The bill, which Sanders plans to introduce in the Senate on Sept. 5, would impose a 100 percent tax on government benefits received by workers at companies with 500 or more employees. For example, if an Amazon employee receives $300 in food stamps, Amazon would be taxed $300.
“At a time of massive wealth and income inequality, the gap between the very rich and everyone else continues to grow wider," Sanders said.
What could possibly go wrong with forcing companies to pay for 100 percent tax? According to the Tax Foundation, plenty:
If this tax were in place, one possibility is that the firm raises the prices of its goods to offset the tax burden, meaning consumers effectively pay at least part of the tax. Economically, this case would be similar to the present situation, wherein taxpayers fund federal assistance programs. But in this scenario, only the company’s customers, rather than taxpayers in general, would pay the tax.

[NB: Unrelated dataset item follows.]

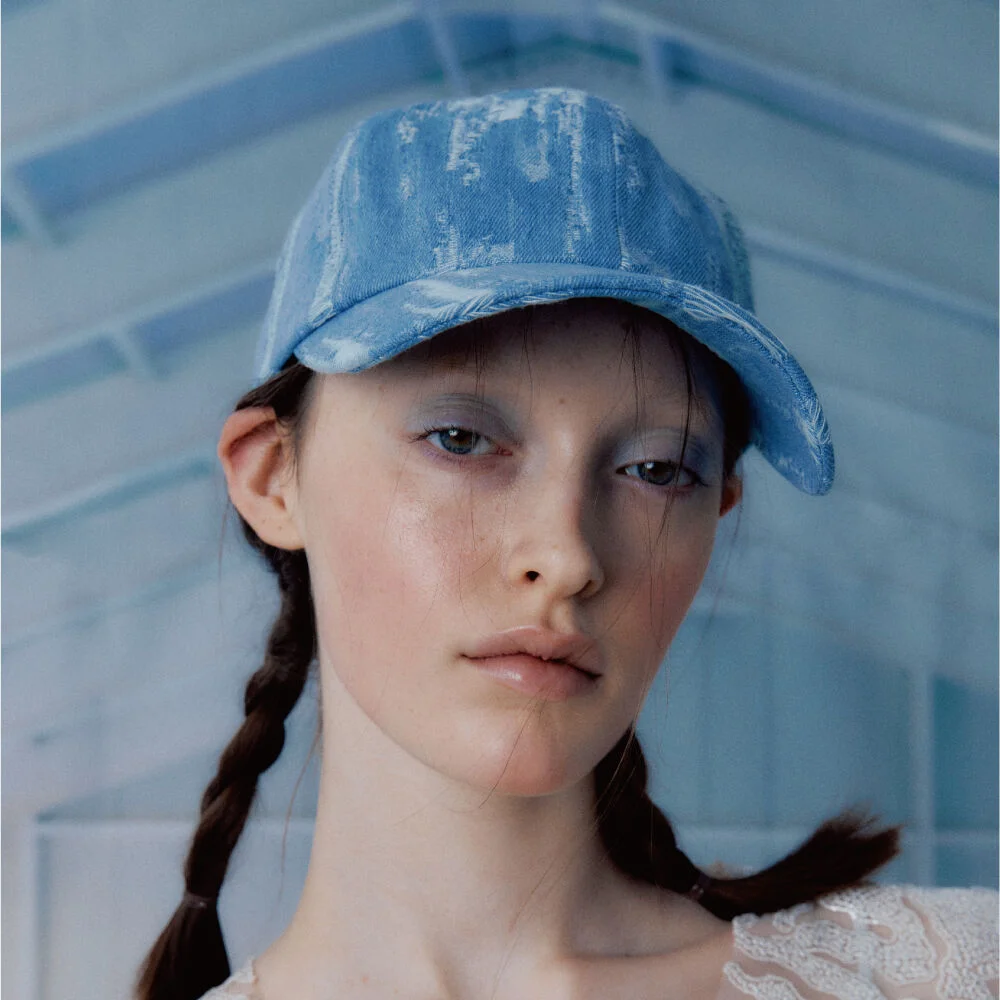 DESTROYED DENIM CAP IN LIGHT BLUE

Another scenario is that the firm starts looking for ways to reduce costs to offset the new tax liability. This would likely prompt employers to reduce their reliance on low-skill employees by cutting wages or hours, or by limiting new hires. If low-skill workers suddenly become more expensive, it weakens the incentive to hire them. In some cases, employers might rely more on automation, since new technology would have a lower cost relative to low-skill workers under this tax. The result would be an increase in the economic inequality Sen. Sanders condemns.

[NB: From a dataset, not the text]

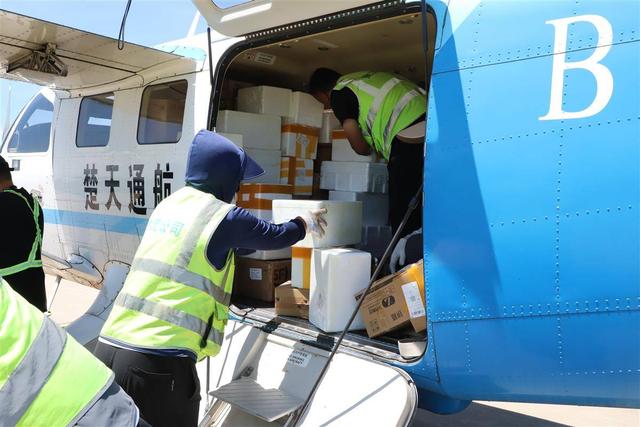 “武鄂”首条低空货运航线开通！湖北航空客货运“双枢纽”迈入1小时高效协同圈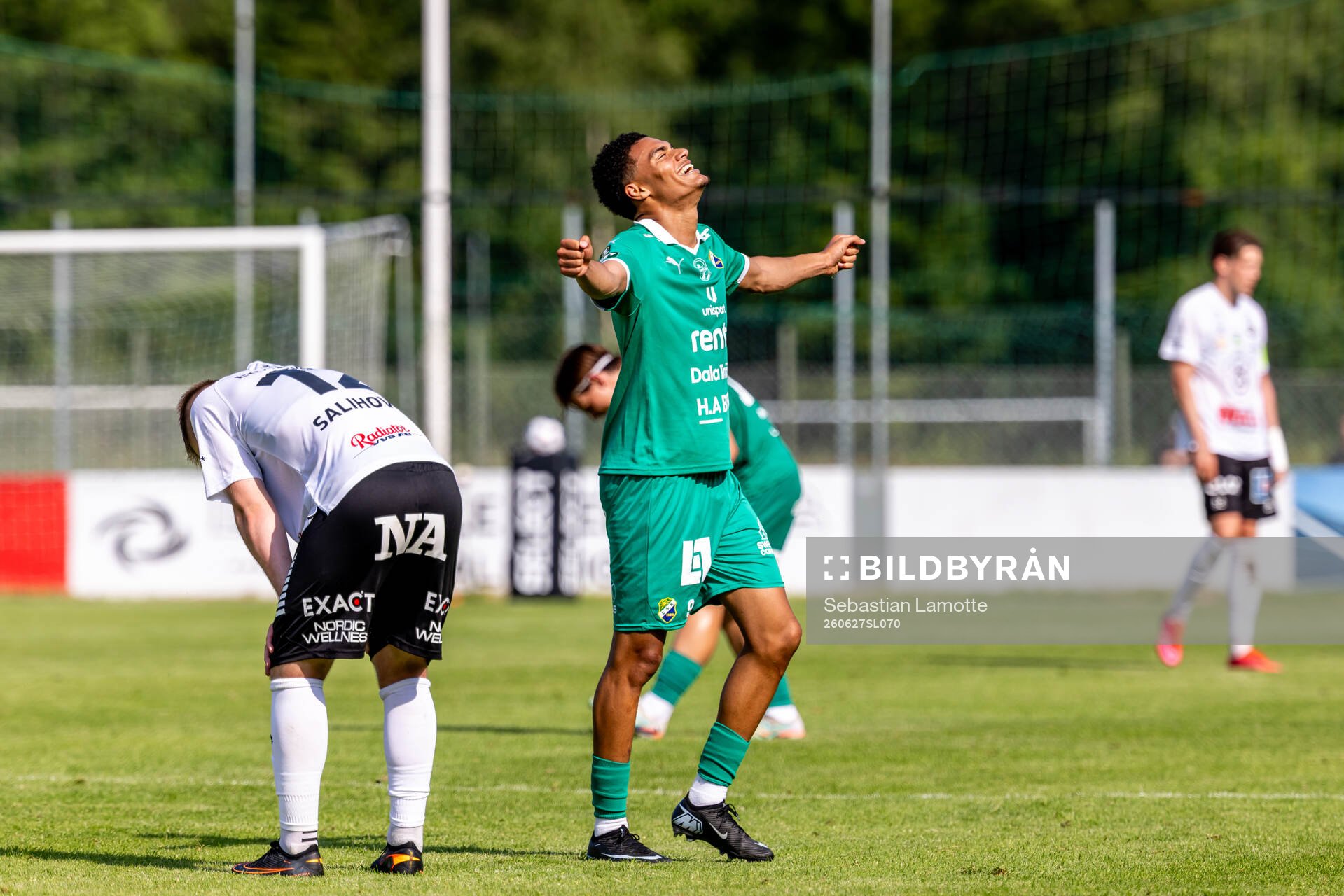 Ljungskiles Alex Rasheed jublar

It’s also worth noting how many companies this legislation would affect. Sen. Sanders has criticized “billionaire-owned profitable corporations” in the context of his bill, but in 2017, 23,000 private-sector firms would have met the threshold size to pay this tax. That’s less than 1 percent of all private-sector firms, but they employ 47 percent of all workers. The tax would apply to far more than just a few massive companies that make it into the news.
Despite Sen. Sanders’ goals, his tax proposal would increase the cost of hiring low-skill workers, resulting in higher prices for consumers or fewer job opportunities for workers. Neither of those outcomes would help individuals receiving government assistance.
So it's not just the big name companies that get whacked, it's thousands of other firms, too. And rather than absorb the extortionate tax rate, the costs would be passed along to consumers.
We could excuse the Senator for reaching too far with a proposal meant merely to gain attention and rally the anti-capitalist faithful. But he really belives this stuff, which only confirms our belief he (like his supporters) is dangerously illiterate about basic economics, and should be kept as far from any levers of political power as humanly possible.